Virtual 3D maps may lead researchers to an answer about the galaxy’s missing starlight.

An international team of researchers have produced new maps of the stardust located between the stars of the milky way. This dust and gas are left behind when a star dies and supplies the fuel for new stars and planets.

Astronomers analyze the bands of starlight that pass through space to determine the composition of stars and other space materials. However, in 1922, astronomer Mary Lea Heger noticed that some of that light was missing. Dark bands known as diffuse interstellar bands, or “DIBS” contained no starlight. This indicated that some material was preventing the light from being seen. To date more than 400 DIBS have been identified, but what the bands are made from has remained a mystery.

Researchers believe that, based on the absorption of starlight, the bands must be made of large, complex molecules but no hard evidence of this has been found. Evidence of the nature and composition of the material could provide clues about the chemistry of the spaces between stars, as well as information about how stars and galaxies form.

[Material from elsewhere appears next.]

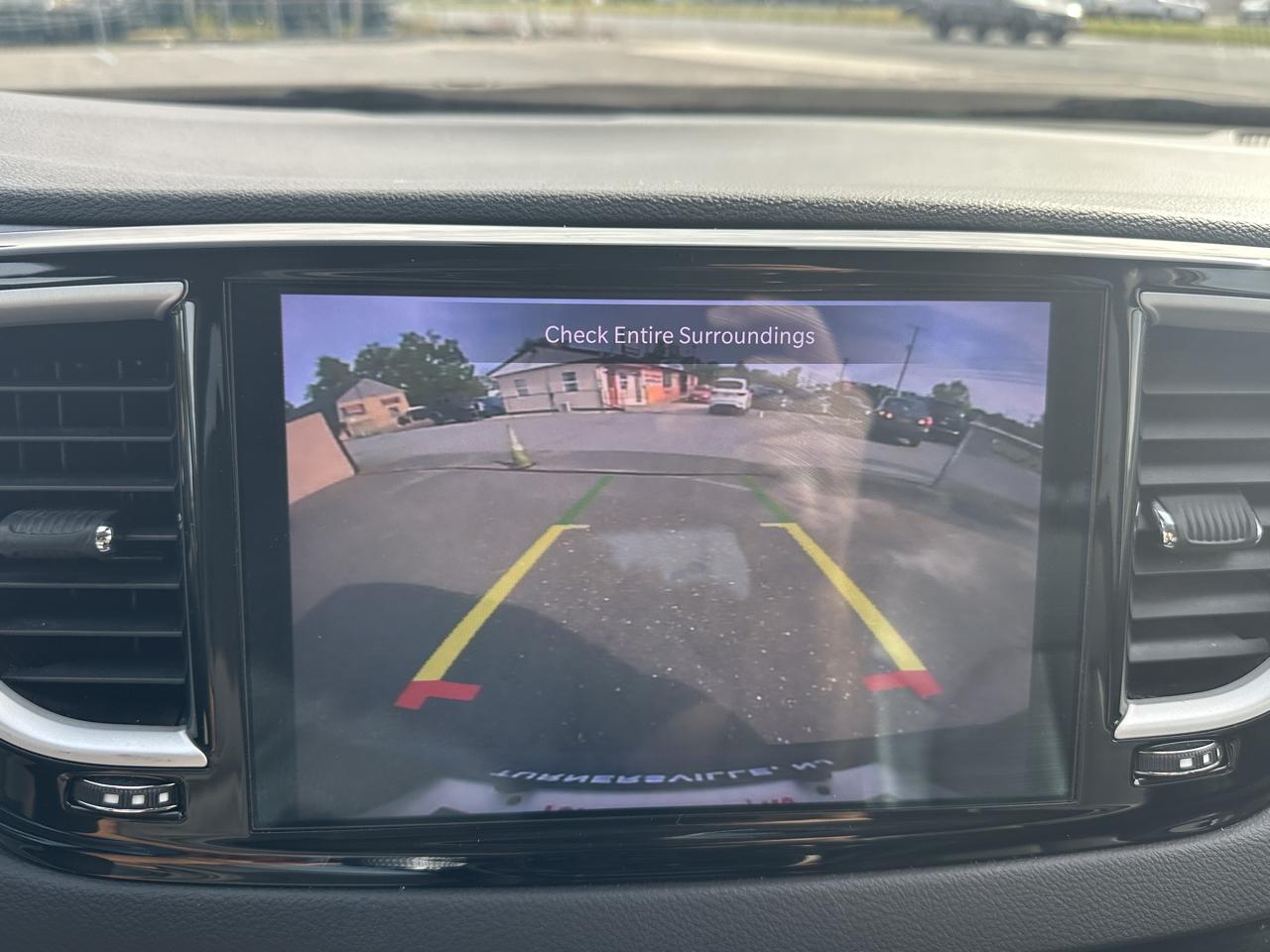 Chrysler Pacifica  2023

“There’s an old saying that ‘We are all stardust,’ since all chemical elements heavier than helium are produced in stars. But we still don’t know why stars form where they do. This study is giving us new clues about the interstellar medium out of which the stars form,” said Rosemary Wyse, a Johns Hopkins professor of physics and astronomy who played a prominent role in the research, in a statement.

The new maps were created using data collected over a 10-year period by the Radial Velocity Experiment (RAVE). RAVE used the Schmidt Telescope in Australia to gather spectroscopic information from clusters of stars, as many as 150 at a time. In all, data related to 500,000 stars was gathered.

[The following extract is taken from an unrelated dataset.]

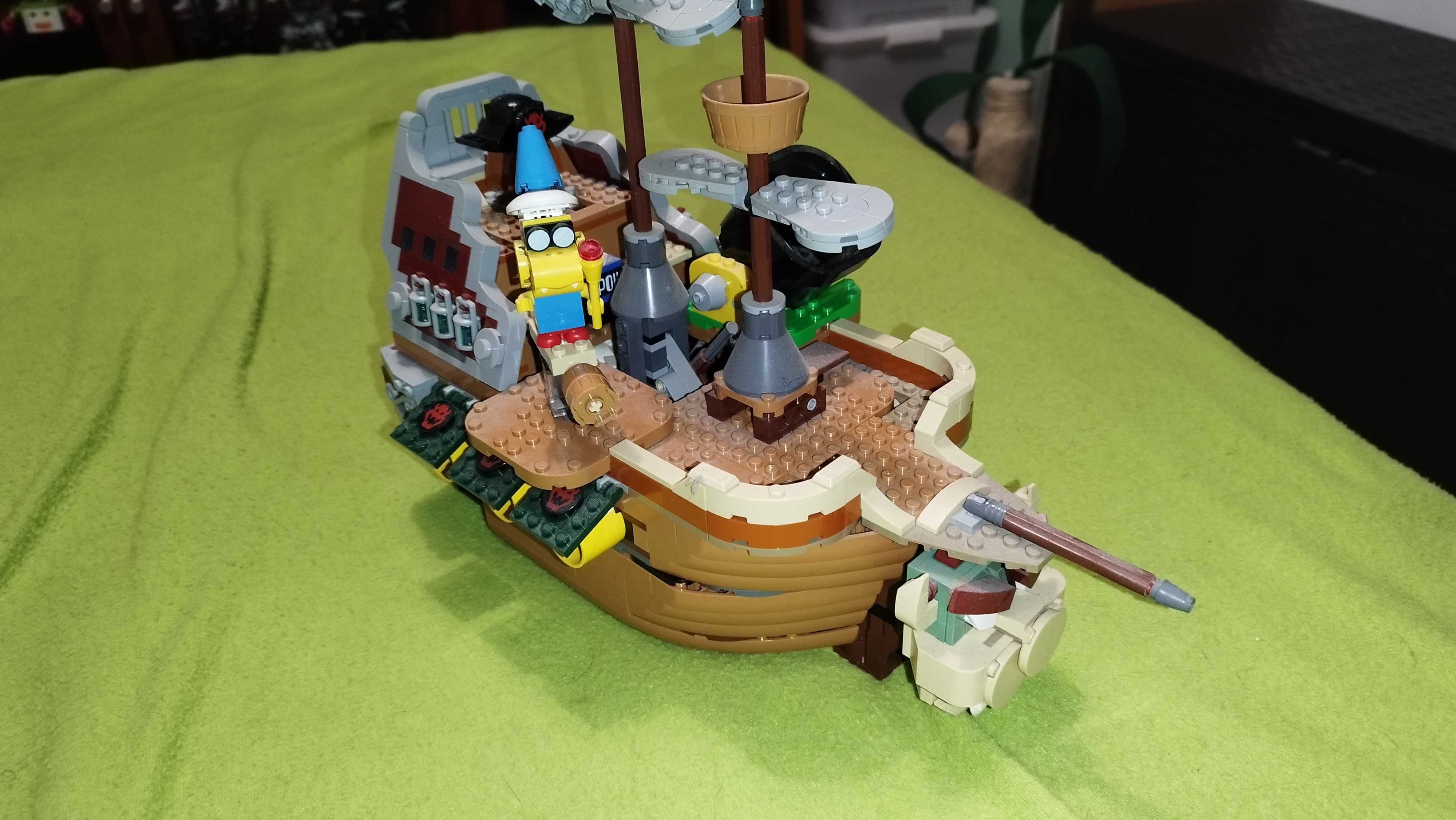 Lego Super Mario Bowser's Airship Expansion Set 71391 - LEGO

The size of the sample allowed researchers to determine the distance of the material causing the DIBs and map how the material is distributed.

The maps crated from this data is described as “pseudo-3D” because a mathematical form is used to calculate the distribution of the vertical dimension that describes the distance from the plane of the Milky Way.

The techniques developed in creating the maps should allow future researchers to build additional maps, possibly determining where DIBS are located and what materials they contain.

“To figure out what something is, you first have to figure out where it is and that’s what this paper does. Larger surveys will provide more details in the future. This paper has demonstrated how to do that,” said Wyse.

The findings of Wyse and her colleagues appear in the August 15 edition of the journal Science.